▼
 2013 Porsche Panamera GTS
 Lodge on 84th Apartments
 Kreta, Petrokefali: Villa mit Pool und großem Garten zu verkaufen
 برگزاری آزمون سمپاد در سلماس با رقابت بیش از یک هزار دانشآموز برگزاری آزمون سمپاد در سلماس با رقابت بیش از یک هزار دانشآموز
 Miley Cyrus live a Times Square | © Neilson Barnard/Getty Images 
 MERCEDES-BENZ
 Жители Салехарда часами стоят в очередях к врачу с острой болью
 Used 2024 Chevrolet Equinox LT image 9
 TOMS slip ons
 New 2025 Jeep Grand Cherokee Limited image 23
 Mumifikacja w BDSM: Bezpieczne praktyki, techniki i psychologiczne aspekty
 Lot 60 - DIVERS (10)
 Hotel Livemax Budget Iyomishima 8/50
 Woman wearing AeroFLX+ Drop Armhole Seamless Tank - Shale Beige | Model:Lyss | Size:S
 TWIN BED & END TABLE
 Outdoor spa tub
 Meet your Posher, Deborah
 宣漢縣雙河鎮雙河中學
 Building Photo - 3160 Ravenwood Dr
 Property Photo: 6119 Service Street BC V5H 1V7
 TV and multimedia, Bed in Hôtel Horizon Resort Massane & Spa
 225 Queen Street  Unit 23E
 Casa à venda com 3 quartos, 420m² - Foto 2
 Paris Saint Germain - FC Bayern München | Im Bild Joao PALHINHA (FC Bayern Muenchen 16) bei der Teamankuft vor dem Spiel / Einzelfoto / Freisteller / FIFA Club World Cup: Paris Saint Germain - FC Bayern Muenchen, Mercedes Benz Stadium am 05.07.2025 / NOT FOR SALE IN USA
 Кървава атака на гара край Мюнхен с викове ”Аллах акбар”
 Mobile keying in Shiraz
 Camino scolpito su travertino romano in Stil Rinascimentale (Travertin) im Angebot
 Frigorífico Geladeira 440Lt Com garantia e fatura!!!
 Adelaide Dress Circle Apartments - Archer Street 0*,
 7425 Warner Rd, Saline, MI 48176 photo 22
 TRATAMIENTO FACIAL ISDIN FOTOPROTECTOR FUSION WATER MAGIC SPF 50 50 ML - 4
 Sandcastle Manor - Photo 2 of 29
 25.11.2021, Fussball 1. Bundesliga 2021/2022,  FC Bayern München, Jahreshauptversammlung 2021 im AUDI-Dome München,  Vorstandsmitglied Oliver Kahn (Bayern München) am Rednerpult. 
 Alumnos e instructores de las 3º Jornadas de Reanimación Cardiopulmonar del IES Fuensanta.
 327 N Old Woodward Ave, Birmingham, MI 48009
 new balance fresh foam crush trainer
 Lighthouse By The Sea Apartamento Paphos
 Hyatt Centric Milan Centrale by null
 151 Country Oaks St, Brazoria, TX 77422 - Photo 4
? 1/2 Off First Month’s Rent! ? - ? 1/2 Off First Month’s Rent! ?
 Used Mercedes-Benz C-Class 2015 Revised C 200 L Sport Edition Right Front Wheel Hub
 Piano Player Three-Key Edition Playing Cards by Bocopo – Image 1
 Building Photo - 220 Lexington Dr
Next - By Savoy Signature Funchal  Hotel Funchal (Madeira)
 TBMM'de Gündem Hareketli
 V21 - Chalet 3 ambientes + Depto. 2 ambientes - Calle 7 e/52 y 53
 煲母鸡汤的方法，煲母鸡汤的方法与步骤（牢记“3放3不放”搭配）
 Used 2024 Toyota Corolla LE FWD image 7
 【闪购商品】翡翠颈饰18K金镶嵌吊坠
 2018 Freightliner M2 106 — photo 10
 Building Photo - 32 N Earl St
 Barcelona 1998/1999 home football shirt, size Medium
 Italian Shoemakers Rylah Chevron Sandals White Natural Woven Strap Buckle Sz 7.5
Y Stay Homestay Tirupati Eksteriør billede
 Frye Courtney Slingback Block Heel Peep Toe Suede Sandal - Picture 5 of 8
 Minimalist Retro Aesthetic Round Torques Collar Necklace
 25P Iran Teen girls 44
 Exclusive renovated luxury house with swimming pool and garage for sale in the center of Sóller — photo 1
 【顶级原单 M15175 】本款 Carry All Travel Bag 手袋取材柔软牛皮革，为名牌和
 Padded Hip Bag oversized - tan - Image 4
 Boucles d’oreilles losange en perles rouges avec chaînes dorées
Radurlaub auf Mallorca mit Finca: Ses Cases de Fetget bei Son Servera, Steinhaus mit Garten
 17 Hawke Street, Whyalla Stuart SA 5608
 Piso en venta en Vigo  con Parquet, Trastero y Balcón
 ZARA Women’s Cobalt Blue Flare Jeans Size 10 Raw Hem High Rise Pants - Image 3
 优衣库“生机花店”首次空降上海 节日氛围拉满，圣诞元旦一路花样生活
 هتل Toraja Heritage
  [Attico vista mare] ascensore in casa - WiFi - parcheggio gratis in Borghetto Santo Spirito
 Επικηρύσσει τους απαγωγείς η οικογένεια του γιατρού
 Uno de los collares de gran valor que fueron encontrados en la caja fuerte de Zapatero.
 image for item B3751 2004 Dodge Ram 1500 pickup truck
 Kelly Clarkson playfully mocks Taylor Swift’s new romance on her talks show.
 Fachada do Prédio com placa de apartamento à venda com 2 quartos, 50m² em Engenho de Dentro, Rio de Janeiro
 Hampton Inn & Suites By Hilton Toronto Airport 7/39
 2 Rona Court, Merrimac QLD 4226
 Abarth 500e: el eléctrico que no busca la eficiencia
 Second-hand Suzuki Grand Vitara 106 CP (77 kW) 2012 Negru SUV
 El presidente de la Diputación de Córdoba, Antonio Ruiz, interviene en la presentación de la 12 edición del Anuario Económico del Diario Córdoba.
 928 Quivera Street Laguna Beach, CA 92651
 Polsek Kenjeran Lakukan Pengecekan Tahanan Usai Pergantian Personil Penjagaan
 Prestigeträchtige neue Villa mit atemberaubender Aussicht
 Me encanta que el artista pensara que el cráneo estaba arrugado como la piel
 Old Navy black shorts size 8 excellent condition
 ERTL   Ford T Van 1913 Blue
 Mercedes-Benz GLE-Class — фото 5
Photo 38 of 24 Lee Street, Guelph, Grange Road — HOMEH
▲
● **Problem requirements**: In the entries above, one line contains "TOMS slip ons" and another contains "Outdoor spa tub". Reproduce exactly those two lines and the lines between them, nothing else.

● **Expected output**:
 TOMS slip ons
 New 2025 Jeep Grand Cherokee Limited image 23
 Mumifikacja w BDSM: Bezpieczne praktyki, techniki i psychologiczne aspekty
 Lot 60 - DIVERS (10)
 Hotel Livemax Budget Iyomishima 8/50
 Woman wearing AeroFLX+ Drop Armhole Seamless Tank - Shale Beige | Model:Lyss | Size:S
 TWIN BED & END TABLE
 Outdoor spa tub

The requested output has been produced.